Trattamento di riguardo, ovviamente, per l’argentino: “La cosa più importante era non far giocare Messi con facilità. Ricordo che in quella partita la stampa italiana parlava di ‘gabbia’ perché alla fine non abbiamo fatto una marcatura a uomo, ma con Zanetti, Motta, Cambiasso. Tutti erano responsabili della zona dove si trovava Messi. Lo stesso se succedeva nell’altra zona di campo dove lo seguivano Motta e Sneijder per un po’. Il nostro stile difensivo si basava in questo assunto posizionale.”
L’aspetto offensivo: come l’Inter di Mourinho sconfisse il Barcellona
Ma per vincere, naturalmente, bisogna far gol; Mourinho, però, non ha bisogno di sentirselo dire: “Ovviamente, la chiave della nostra strategia per batterli si incentrava soprattutto nel momento in cui recuperavamo palla e nella seguente transizione. In fase difensiva restavamo molto compatti, arretrando molto la posizione di Pandev ed Eto’o, contrastando le loro discese sulle fasce di Maxwell e Dani Alves. La chiave è stata attaccare gli spazi che i loro esterni lasciavano scoperti quando si spingevano in fase offensiva.”

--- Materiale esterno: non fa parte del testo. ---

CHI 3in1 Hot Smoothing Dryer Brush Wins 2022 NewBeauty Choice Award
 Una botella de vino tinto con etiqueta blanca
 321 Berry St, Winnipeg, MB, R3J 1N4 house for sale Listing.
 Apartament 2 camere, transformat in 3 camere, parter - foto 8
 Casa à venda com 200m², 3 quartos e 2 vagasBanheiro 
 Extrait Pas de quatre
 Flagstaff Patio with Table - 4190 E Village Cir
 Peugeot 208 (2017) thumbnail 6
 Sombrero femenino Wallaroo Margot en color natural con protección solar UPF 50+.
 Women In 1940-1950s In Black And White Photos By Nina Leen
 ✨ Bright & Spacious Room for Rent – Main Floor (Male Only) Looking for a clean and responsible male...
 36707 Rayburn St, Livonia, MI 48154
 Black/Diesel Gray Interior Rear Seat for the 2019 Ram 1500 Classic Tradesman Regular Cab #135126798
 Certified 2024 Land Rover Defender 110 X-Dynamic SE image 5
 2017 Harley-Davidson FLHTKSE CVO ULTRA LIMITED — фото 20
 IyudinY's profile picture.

Fondamentale, dunque, il ruolo dei terzini; per fortuna, però, la squadra milanese in quel settore non aveva il minimo problema: “Maicon è stato davvero fenomenale nel fare quel lavoro in quella partita e impegnare Maxwell, uno che è fortissimo in possesso palla ma non altrettanto quando è chiamato a difendere. Dall’altra parte c’era Dani Alves, uno che andava sempre in profondità per attaccare lo spazio eventuale lasciato dal nostro esterno, preoccupato di raddoppiare più centralmente su Messi. Il nostro scopo era di mettere in difficoltà anche centralmente Puyol e Piqué che, di conseguenza, erano molto esposti. Loro nel campionato spagnolo non erano abituati a dover recuperare negli spazi in fase difensiva, e noi siamo stati molto veloci a colpirli proprio lì.”
Insomma, una fase difensiva impeccabile per ripartire al meglio una volta recuperata palla: “E’ stato fondamentale difendere come un unico blocco, per poi attaccare con 4-5 uomini. Sembra assurdo dire questa cosa quando abbiamo avuto il 30% di possesso palla contro il 70% dei nostri avversari, ma dopo il 3-1 eravamo in totale controllo della partita. Addirittura, siamo andati molte volte vicini al quarto gol. Loro erano molto ben allenati nel ricercare subito di riconquistare palla una volta persa, ma noi abbiamo avuto la giusta mentalità per contrattaccare in maniera veloce.”